Gazelle mentioned the opposition’s achievement in Georgetown and that is very important. In Georgetown, the opposition created a coalition that had never been seen before. In my view, the next step is to create an institution with mutual recognition or proportional representation for all members. Hopefully, Gazelle will play the role of moderator in creating this institution. We need to have more than a coalition. We need an institution with a council representing each of the various groups. I would like to see the composition of the Iranian people inside Iran reflected in the opposition coalition outside the country. Everybody will be happy because every minority will be represented.

When the international community, including the American and European public, see a coalition of the Iranian opposition, with proportional representation for minorities, they will be more inclined to support them in toppling the regime and in helping to transition to a new government. The Iranians, or Persians, are among the smartest people in the Middle East. As such, I see a bright future if they follow the principles of mutual recognition and mutual representation.

Gazelle: As I said, the regime’s worst nightmare is a union of the different Iranian factions. That is why they are disseminating so much propaganda and creating internal wars within the ethnic minorities. As an example, several factions in Kurdistan are currently pitted against each other. The regime creates the perception in people’s minds that the minorities will be separatists and will do all sorts of bad things. It is the Islamic regime that is separating and dividing people. Those in the diaspora have realized the regime’s role in separating people and they are working to overcome their influence.
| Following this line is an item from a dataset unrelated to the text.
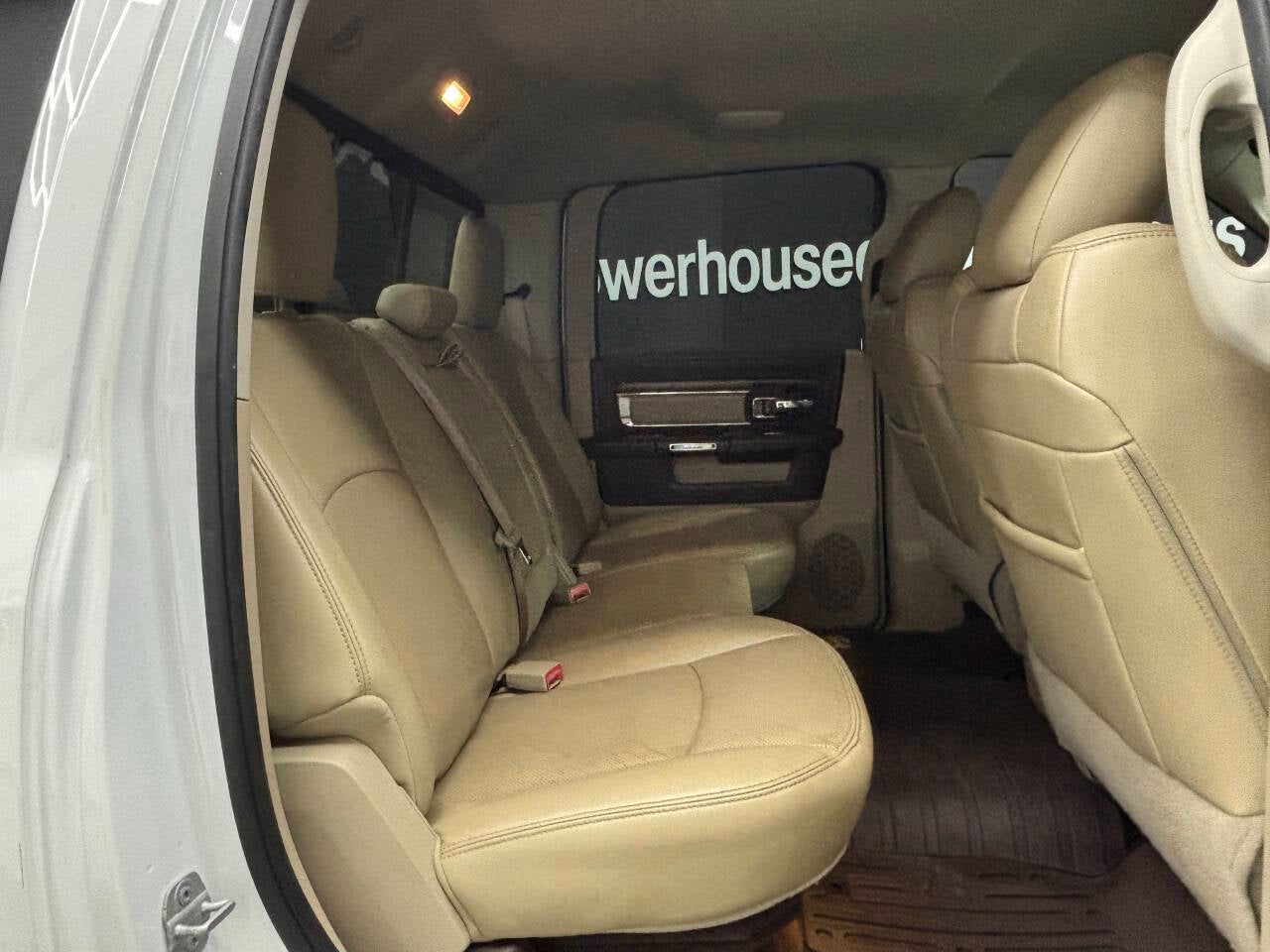 2014 RAM 1500 Laramie 4x4 4dr Crew Cab 5.5 ft. SB Pickup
In 2022, all of Iran went out into the streets in support of a Kurdish girl, Jina Mahsa Amini. They are still using the Kurdish slogan from that time, “Jin, Jiyan, Azadi” or “Woman, Life Freedom”. So, inside of Iran, the people acknowledge they want the Islamic regime to go. Outside of Iran, in the diaspora, we have the same thing happening. In the three and a half years I have been fighting for the life of my father, I have been in contact with many Iranian factions or minorities. I have both monarchists and communists campaigning for my father. These are all people stepping up to advocate for human rights and we can connect them.

Last month, we launched a global campaign called Cut the Rope, named for the execution wave the regime is conducting in Iran. In one day, over 123 well-known public figures from all over the globe came out in support of this campaign. We had support from people from Israel, Sudan, Iraq, and the USA, to name just a few. We had people from Darfur, where an actual genocide going on. This simple campaign united so many and so we can do this. It is not an illusion. It is propaganda to tell us that we cannot do this, to stop us from doing it. We are very close.

Walid: One more addition. I speak as an American from a non-Iranian community. I am saying this for the first time in front of Gazelle. When I was appointed as a presidential nominee advisor, Arabs, Israelis, and ethnic opposition groups in Iran reached out to me. I asked the ethnic opposition groups what kind of country they would want to see Iran becoming if it was liberated from the current regime. Even though they were members of ethnic minorities, they answered that they would love to be a part of a huge, modern country. They mentioned that all they needed was to have their language and schools and to have representation in the government. They look at Belgium and Switzerland as successful models for the type of Iran they would like to see established. Of course, there are always factions who are nationalists who would like to separate. Even those who want to separate, however, want to also become modern countries and do not support the regime. It does appear to me that the majority of the civil societies in these ethnic areas want mutual recognition in a federation-type government. They would be so happy to drive from Sanandaj to Tehran, just like we do here when we drive from state to state. Our beautiful, huge country is also multi-ethnic at the end of the day.

Gazelle was added to a delegation of NGOs back in December. The delegates were Middle Eastern Americans: Lebanese, Syrians, Iraqis, Kurds, South Yemenis, Sudanese, and Darfuris. It was a beautiful real coalition that went to the United Nations and met with members of the Security Council. I was with them as an advisor. A united coalition of delegates from different countries is impactful. It showed it is possible to establish a multi-ethnic regional coalition. It proves that with the right architects, it is entirely possible to create a similar coalition for Iran. As I keep emphasizing, the United States Congress is very responsive. Hopefully this US administration, but most likely the next one, will implement a different free Iran policy.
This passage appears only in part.